Many know judo as a Japanese form of wrestling, but for the analytical chemistry professor and acting principal of UTM, judo is more than the physical processes that seemingly comprise the sport—instead, judo is the philosophical practice of a conscious and tactful mind.

Once a scrawny 13-year-old boy from Etobicoke, Ulrich Krull joined judo because his parents believed it would add confidence to his step. However, his parents didn’t realize at the time that the sport would also teach him philosophical values that would follow him for the rest of his life.

“Judo loosely translates into ‘the gentle way’,” Krull says when asked to define the sport. “It refers to the concept of how you use the energy in the world around you. The old saying, ‘do unto others as you would have them do unto you’ is a good representation of the principle of ‘the gentle way’.”

Deceivingly muscular, Krull relishes the opportunity to share the origins of the sport that has given him so many fond memories and opportunities. “Before the Meiji restoration, when the shogun moved out and they shifted to a democratic parliament, there was a young man who trained in the acknowledged samurai class, learning many martial arts forms,” says Krull.

“Once the restoration took place, the samurai class became outlawed and the young man transformed his samurai practice into a sport where you still practice the same skills and techniques required to defend yourself, but the philosophy changed into something more relatively safe—he named it judo,” he adds, suggesting the reason behind the term ‘the gentle way’.

Krull’s first-degree black belt represents only a beginner judo athlete, but when it comes to his mental approach, understanding and appreciating what the sport accurately demonstrates, he’s a non-fictional Yoda. “If you push your weight back into the world, you are not sharing the gentle way—confidence comes from a slightly different perception than [what] some others may have. It’s not a matter of walking into a situation and saying ‘I can handle myself’; you say, ‘I can handle the situation,’ ” he says.

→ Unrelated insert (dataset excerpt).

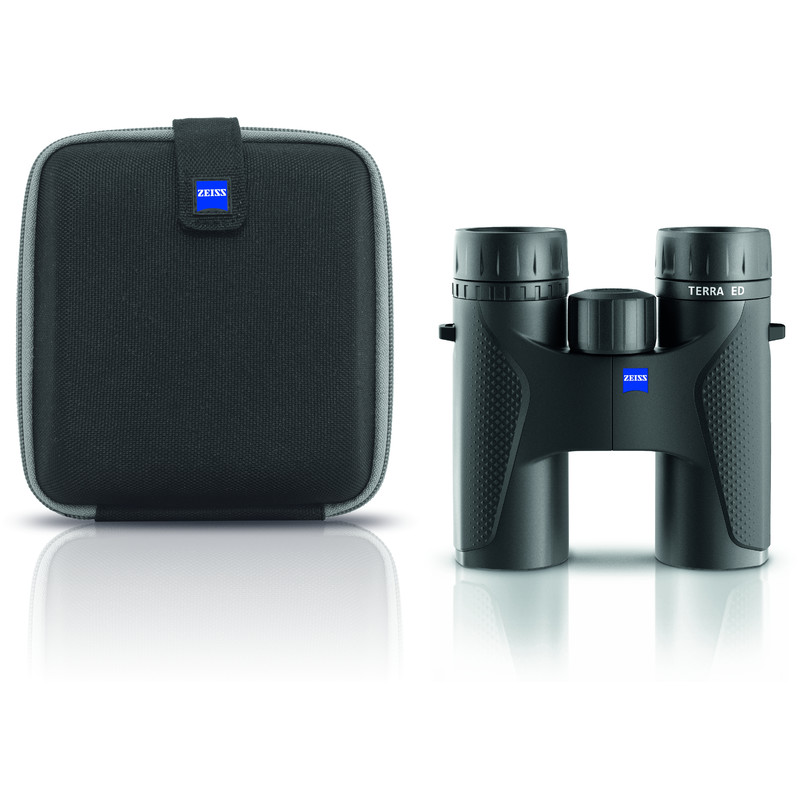 ZEISS Verrekijkers Terra ED Compact 10x32 black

Gripping his black belt firmly, Krull reminisces about a particular class he wishes he had attended. “When I was young, going through the beginner stages of my judo belts, I had unfortunately missed a class. In that particular class, they were teaching a choking technique where you press against your partner’s jugulars until their brain loses oxygen and they fall asleep,” he says. “The next week when I came back, I found myself upside down, held up by my [belt], being put to sleep by my partner who, unluckily for me, attended that class. […] The moral of my story is for students to go to class—you never know what you’ll miss.”

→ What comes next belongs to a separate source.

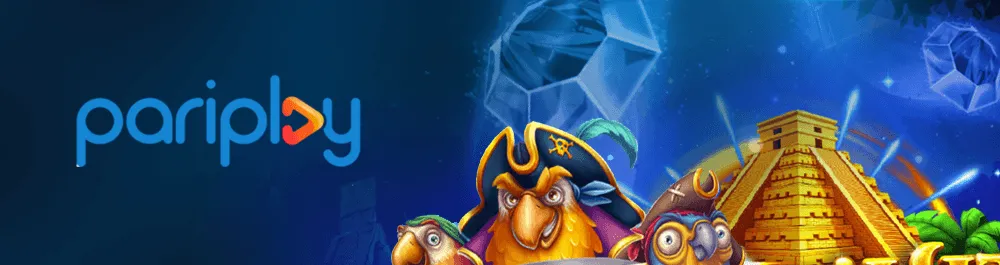 Banner de PariPlay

Krull, UTM’s judo instructor, has found joy meeting students in a different context. He believes students should take more time to get to know their instructors on a personal level.

“If you’re not connecting with your professors as people, you are not getting the full value of what university can be. When students come out to a class and meet me on the mat, I’m not necessarily the same formal person I am in the classroom,” he says.

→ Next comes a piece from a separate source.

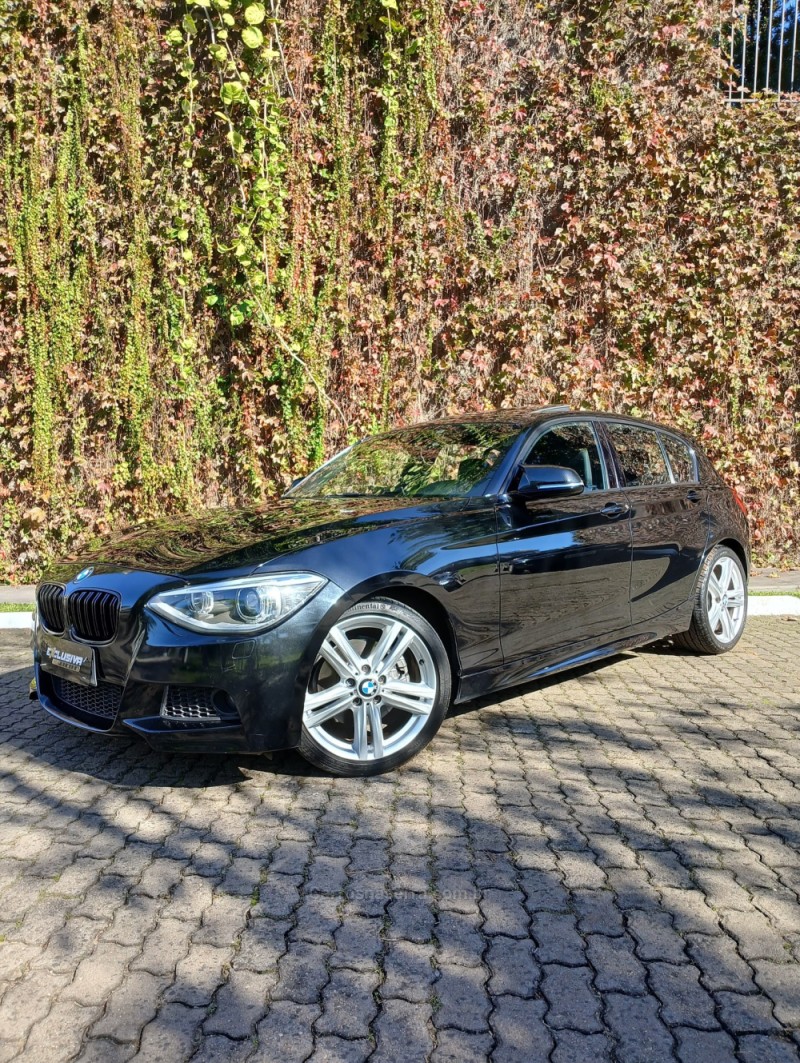 125I 2.0 M SPORT 16V GASOLINA 4P AUTOMÁTICO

When you think of predominant qualities most faculty members have at UTM, one would assume that they are driven and excellent at exceeding; these people have a repertoire of talents waiting to be uncovered. When you take the time to discover what your instructors know outside of the classroom, you’re not only advancing your social skills, you’re strengthening your weaknesses.

Professor Krull recognizes that the school year is an intense responsibility for all students and adding physical fitness to their already overloaded schedule could cause them to shy away from activity. However, he agrees that students who maintain a level of physical fitness in their daily routine have a better chance of staying sharp-minded throughout the entire academic year.

“My research supervisor in graduate school happened to play squash, so he taught me how to play and pushed me hard. I would attribute my successes to the fact [that] I felt better about myself in school, I had more stamina, and gained the ability to focus more attentively on my studies,” Krull says.

if you want to participate in a group activity that challenges both your physical and intellectual capacity, judo has something to offer everyone, here in the athletic facilities.

Not up for it? The ambitious professor who finds deep meaning and purpose in judo, shares one last lesson: “You want to accept the challenge in life and reach for things that are difficult to do.”